Protocol Online logo
Top : New Forum Archives (2009-): : -Microbiology and Virology-

question on symbols used in microbiology - (Aug/11/2012 )

I have a question regarding the use of symbols in bacterial strains.

I found this on a webpage (http://openwetware.o..._coli_genotypes): dcm = cytosine methylation at second C of CCWGG sites exist. dam & dcm are the default properties and always elided, while dam- or dcm- should be declare explicitly


Now, when reading this I understand that dcm is always present in cells and when its not present in a certain strain it should be noted with dcm- , but when I look at certain strains, it always says: dcm (without the -) does this mean that dcm is present in these strains?

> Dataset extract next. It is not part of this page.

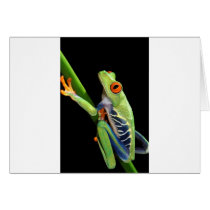 red eyed tree frog cards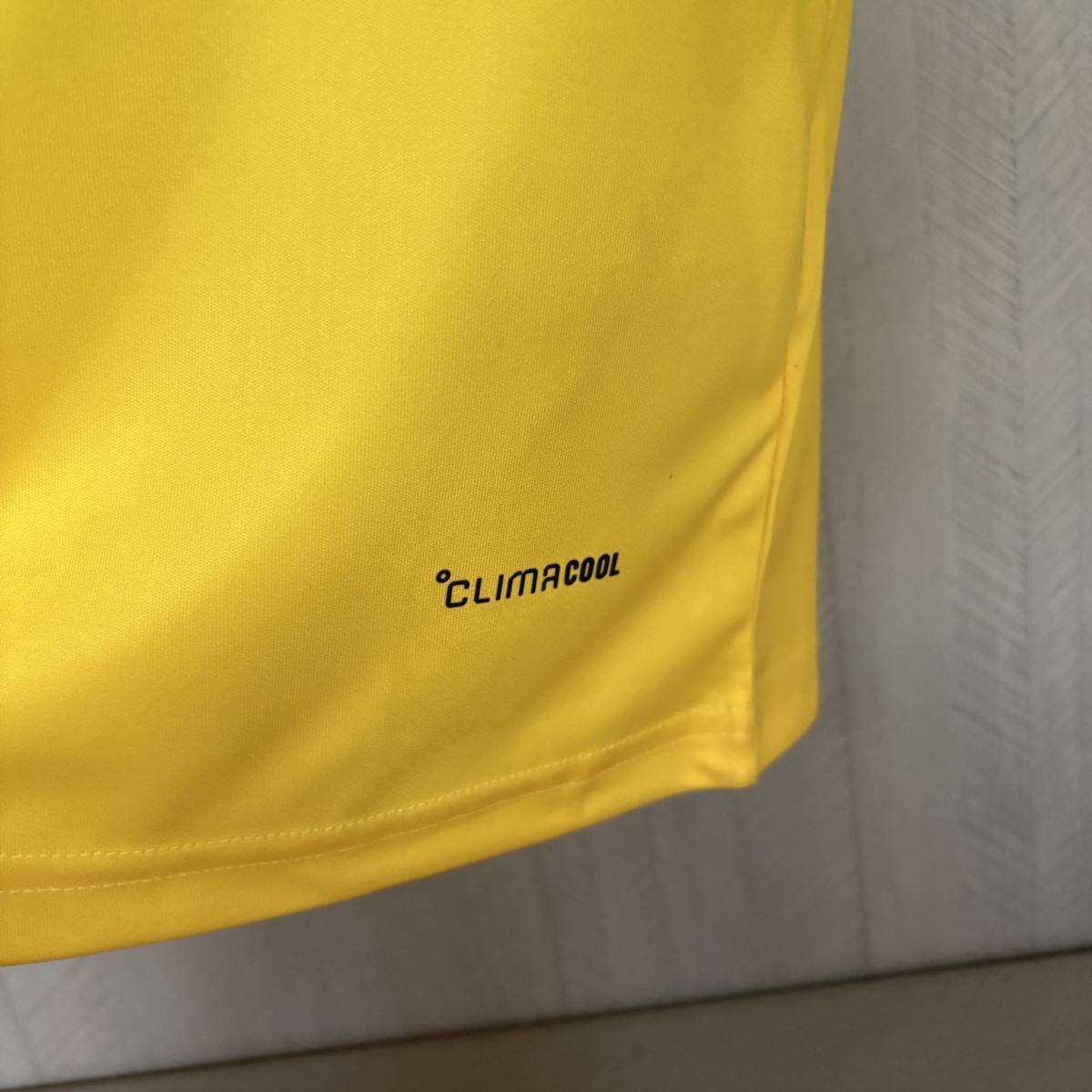 2026 Jamaica Training Colorful Jersey Fan version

Which is weird, since they state its always present ? Or does it mean that its absent? (which would make more sense because they only seem to mention "things" when its absent or mutated)



But the website also states this: coli B strains are naturally lon- and dcm- , does this mean that all B strains are dcm- and this the dcm- part is not mentioned anymore? And when its mentioned, it means its present?? This makes it pretty confusing.


When I look at those B strains it says for example: BL21
E. coli B F- dcm ompT hsdS(rB- mB-) gal +>K-12S)

Does this mean dcm is not present or does it mean it is present? Either way, its confusing since they dont use the dcm- and since its a B strain, its automatically not present?

Especially because another B strain (that should not have dcm) is given like this: B2155
thrB1004 pro thi strA hsdsS lacZD M15 (F`lacZD M15 lacIq traD36 proA+ proB+) D dapA::erm (Ermr) pir::RP4 <::kan (Kmr) from SM10>



It does not mention dcm anymore? So dcm is present is this strain or not?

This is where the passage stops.